Strengthening and revitalizing democracy also requires confronting the problem of the imperial presidency: an Executive that routinely goes to war without debate or congressional authorization, that uses the Department of Justice as an instrument of political intimidation and repression, that ignores binding international treaties without political cost. The checks and balances designed to contain executive power have proven insufficient now that the Founding Fathers’ nightmare — a powerful demagogue — has seized the White House. Political reform is a short-term priority if the democratic republic is to be preserved.
Preserving democracy also requires a vigorous program of collective action and a mobilization for economic and social justice: a tax system that compels the top 1% to pay their fair share, a wage structure that allows workers to live with dignity, health and education treated as rights rather than commodities, a housing policy oriented toward building, not hoarding. It also means the recovery of freedom of speech as an inherent right — both consequence and precondition of democracy — including the right to criticize any government, one’s own or any other, without suffering political, professional, or social annihilation.
This program is, moreover, the only durable bridge capable of spanning the divisions that the far-right exploits. Xenophobia, Islamophobia, racism, and antisemitism flourish in the fertile ground of material desperation and the search for scapegoats. Drain that swamp — give people security, dignity, and a truthful account of who has taken what from them — and the demagogues will be left without oxygen. Workers conscious that their enemy is Capital — the concentrated wealth that destroys democracy — need not hate their neighbor. They will mobilize, instead, to defend freedom and human rights, within and beyond their borders.
The collapse of democracy, the abandonment of peace, the erosion of international law: none of this is inevitable. It is the work of concrete actors with concrete names. We can name them, organize against them, and replace the system that sustains them. That is today the priority task of those who love freedom. The alternative is a country that retains its flag and loses everything the flag promised to represent in the American democratic tradition.
Avoiding this outcome requires not only undertaking a program of reforms in the direction outlined here but doing so with the urgency that the moment imposes and with the lucidity to understand that the ongoing social disasters spring from the inherent dynamics of the market economy: to prevent, diminish, and mitigate them, social regulation is indispensable.

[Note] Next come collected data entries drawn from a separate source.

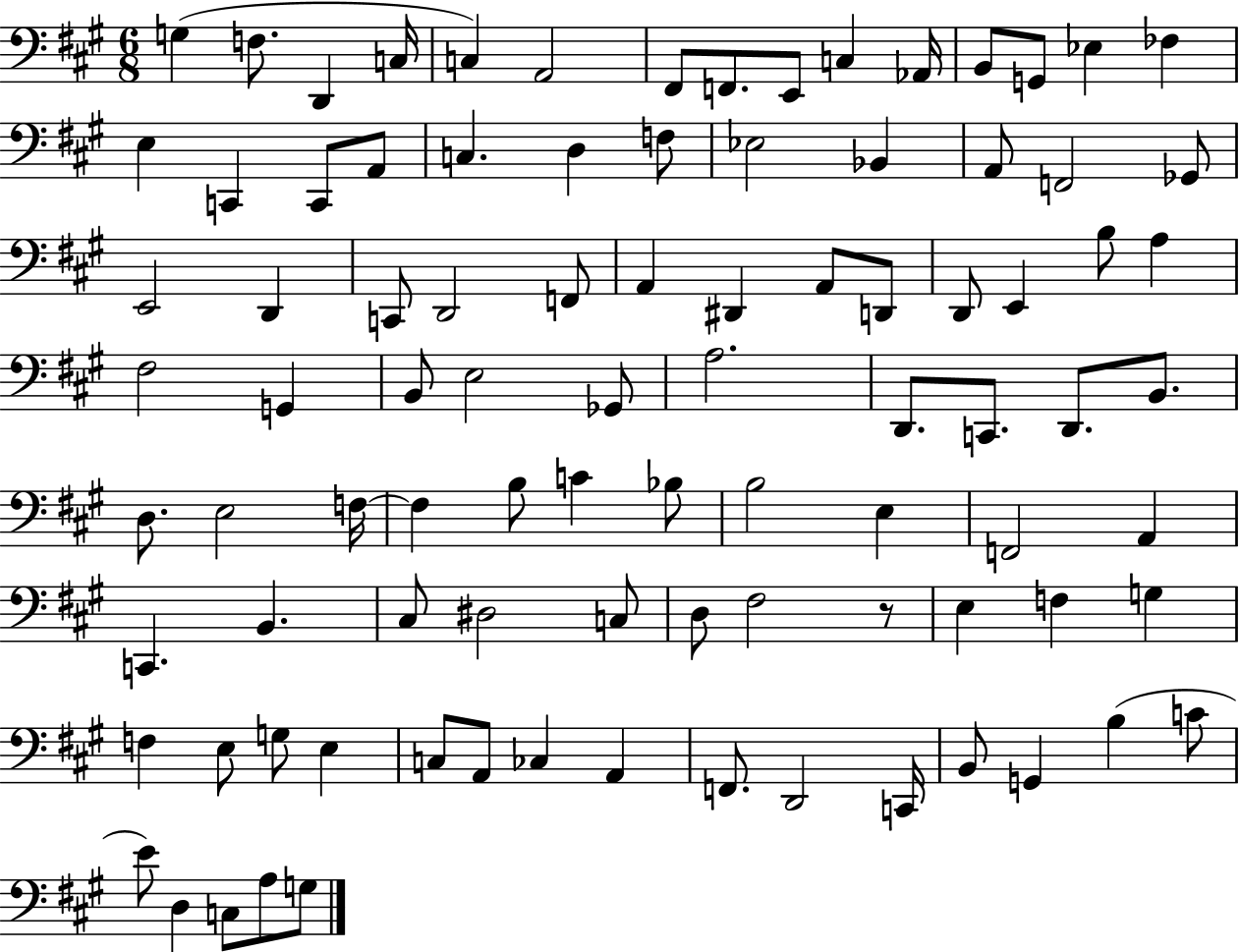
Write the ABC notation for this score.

X:1
T:Untitled
M:6/8
L:1/4
K:A
G, F,/2 D,, C,/4 C, A,,2 ^F,,/2 F,,/2 E,,/2 C, _A,,/4 B,,/2 G,,/2 _E, _F, E, C,, C,,/2 A,,/2 C, D, F,/2 _E,2 _B,, A,,/2 F,,2 _G,,/2 E,,2 D,, C,,/2 D,,2 F,,/2 A,, ^D,, A,,/2 D,,/2 D,,/2 E,, B,/2 A, ^F,2 G,, B,,/2 E,2 _G,,/2 A,2 D,,/2 C,,/2 D,,/2 B,,/2 D,/2 E,2 F,/4 F, B,/2 C _B,/2 B,2 E, F,,2 A,, C,, B,, ^C,/2 ^D,2 C,/2 D,/2 ^F,2 z/2 E, F, G, F, E,/2 G,/2 E, C,/2 A,,/2 _C, A,, F,,/2 D,,2 C,,/4 B,,/2 G,, B, C/2 E/2 D, C,/2 A,/2 G,/2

These disruptive and antidemocratic forces, which emerge from the logic of the market, have grown unchecked and accumulated their effects over more than four decades. It cannot be expected, therefore, that the crises we are already living through will abate with modest reforms or a mere electoral cycle adverse to authoritarianism. Radical, profound social change is a historical necessity if the purpose is a society of free citizens. Necessity, the mother of all true change, demands it. This is not a utopian vision. What is truly utopian is to proceed as if the course correction could be minor, as if rescuing democracy required merely a change of names in the presidency or Congress.